- [What is required] Reproduce precisely the lines of the material below from the line containing "Custom Inked Hair Bow - Hologram" up to and including its last line. Pictures must not be copied.

- [Data provided]
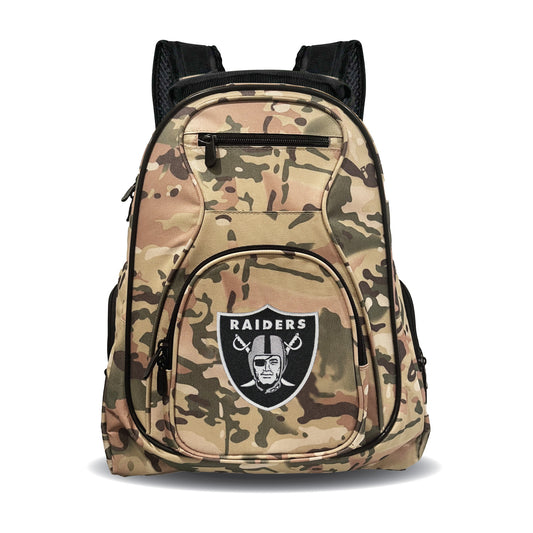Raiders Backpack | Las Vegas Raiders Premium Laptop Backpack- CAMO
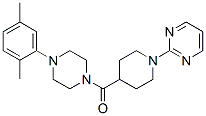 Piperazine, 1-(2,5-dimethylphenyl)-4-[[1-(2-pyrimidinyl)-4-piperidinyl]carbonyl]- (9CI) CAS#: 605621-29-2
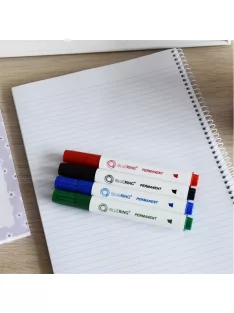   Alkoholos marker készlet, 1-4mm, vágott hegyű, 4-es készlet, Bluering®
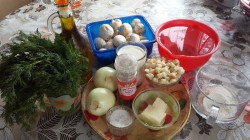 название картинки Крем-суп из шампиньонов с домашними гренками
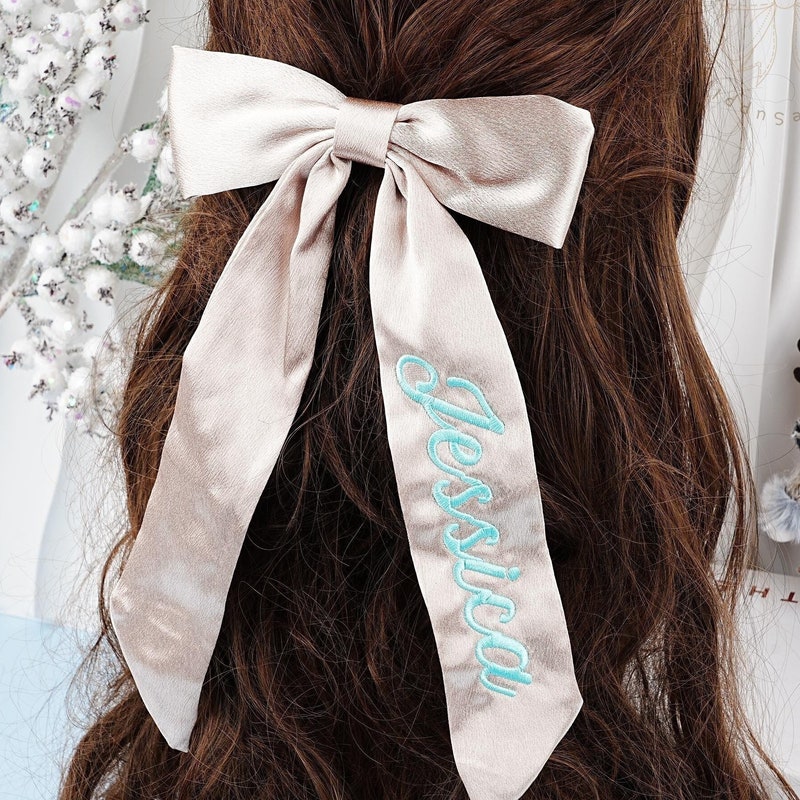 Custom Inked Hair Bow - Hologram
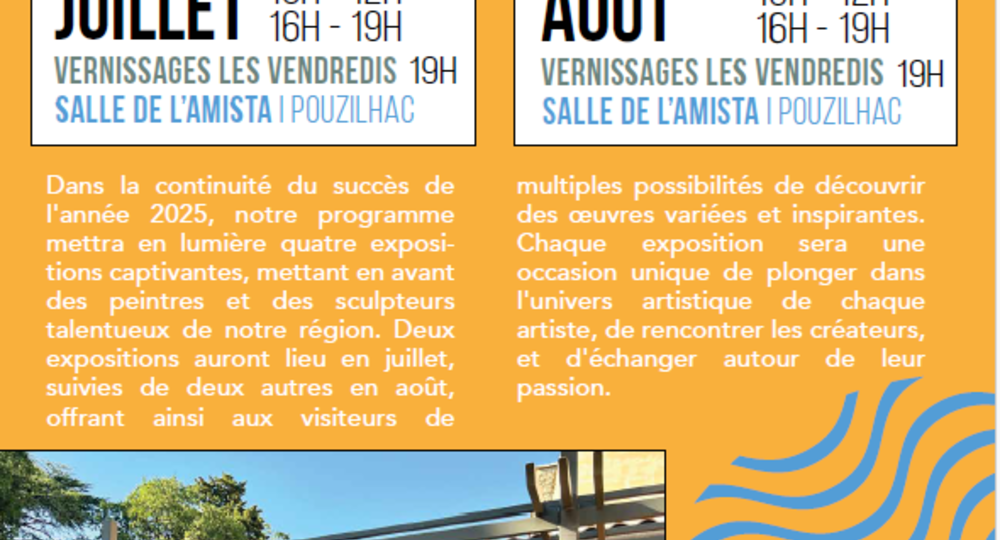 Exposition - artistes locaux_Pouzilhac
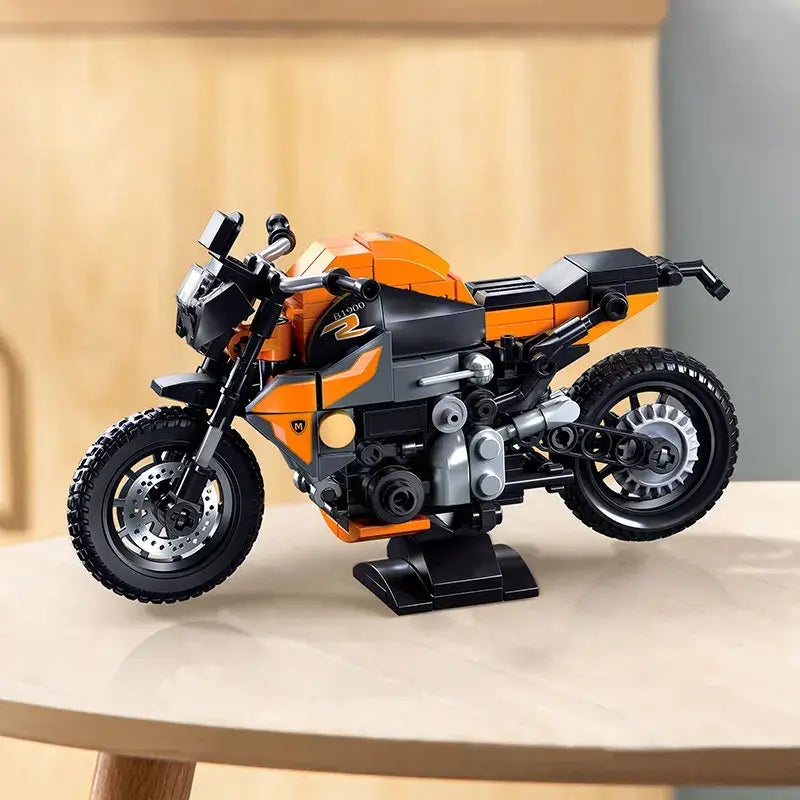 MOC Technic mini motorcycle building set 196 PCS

- [Answer section]
 Custom Inked Hair Bow - Hologram
 Exposition - artistes locaux_Pouzilhac
 MOC Technic mini motorcycle building set 196 PCS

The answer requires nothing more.